§ **Task goal**: Copy task for the material below: print the line with "5802 Roxbury Dr, Murfreesboro, TN 37128" and every line after it to the end, exactly as written, without the pictures.

§ **Given material**:
--*--

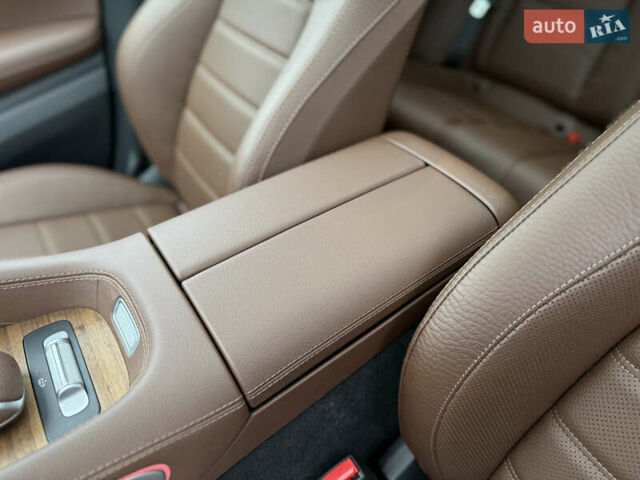 Серый Мерседес GLE-Class Coupe, объемом двигателя 2 л и пробегом 11 тыс. км за 117900 $, фото 55 на Automoto.ua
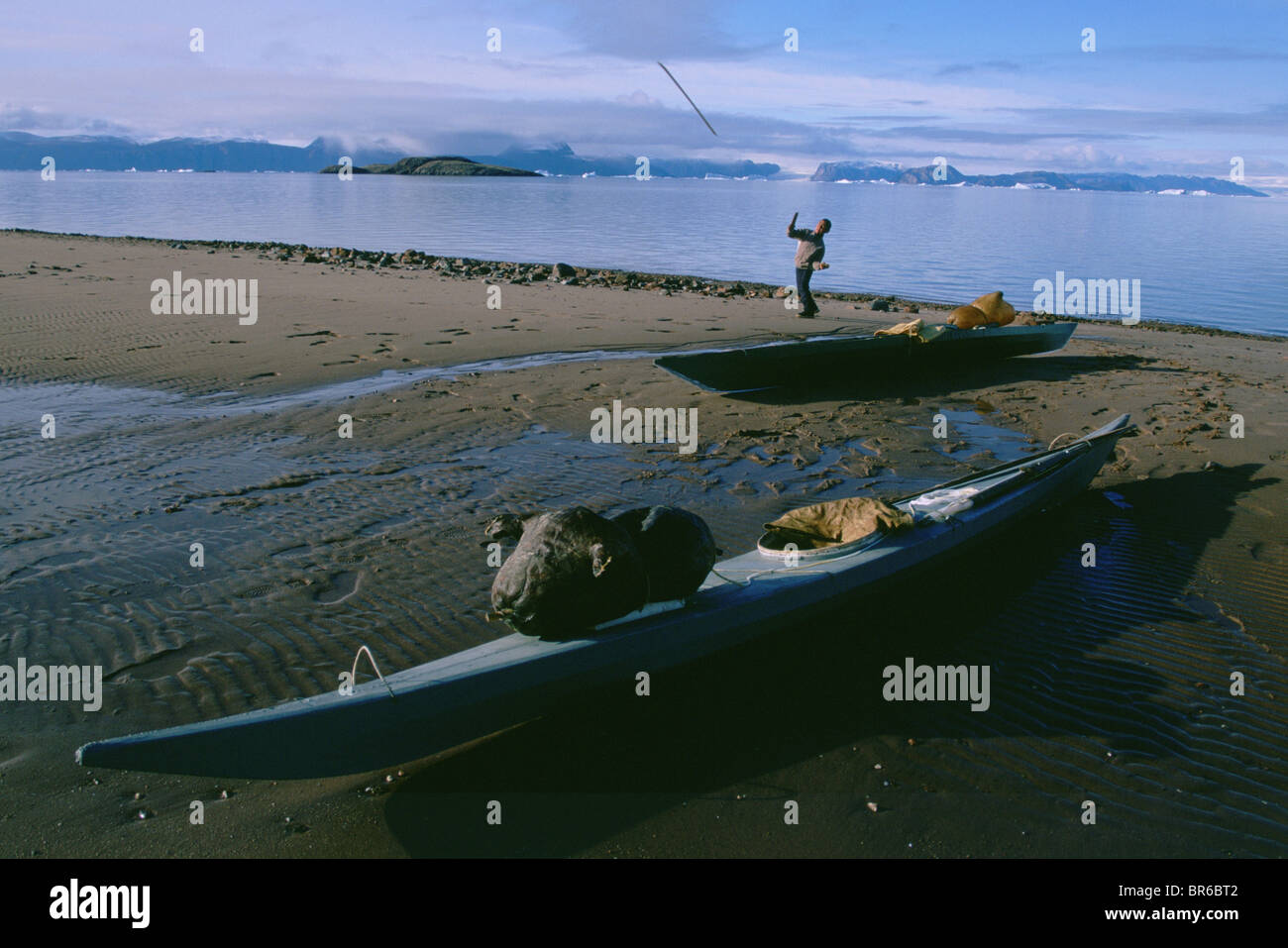 Inuit harpoon Banque de photographies et d’images à haute résolution ...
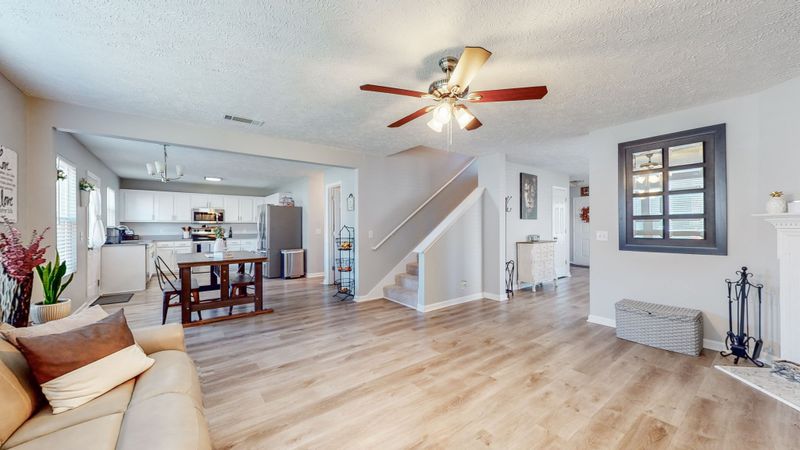 5802 Roxbury Dr, Murfreesboro, TN 37128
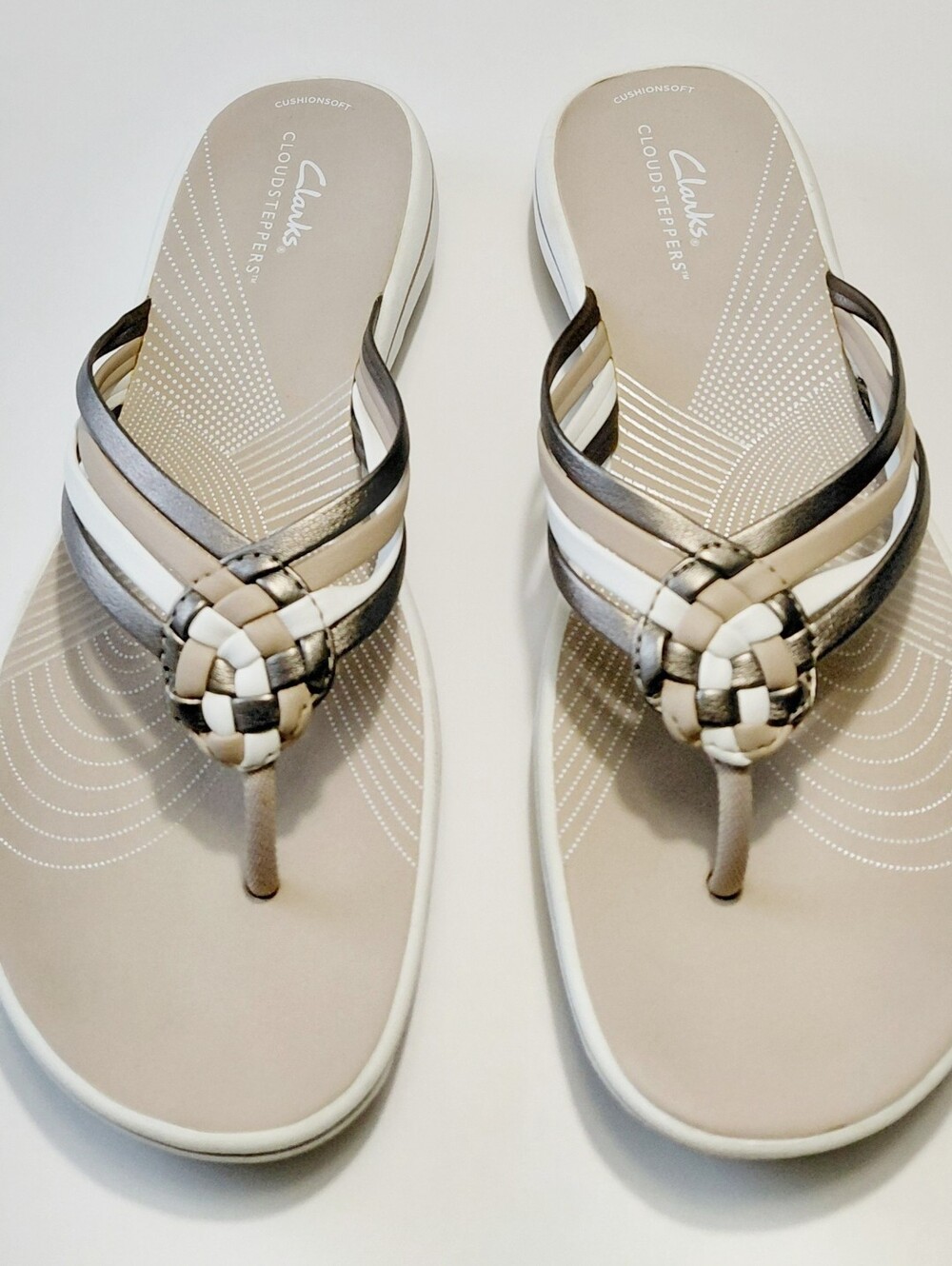 CLARKS  Cloudsteppers Women's Breeze Coral Flip Flop Sandals Size 9M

--*--

§ **Answer box**:
 5802 Roxbury Dr, Murfreesboro, TN 37128
 CLARKS  Cloudsteppers Women's Breeze Coral Flip Flop Sandals Size 9M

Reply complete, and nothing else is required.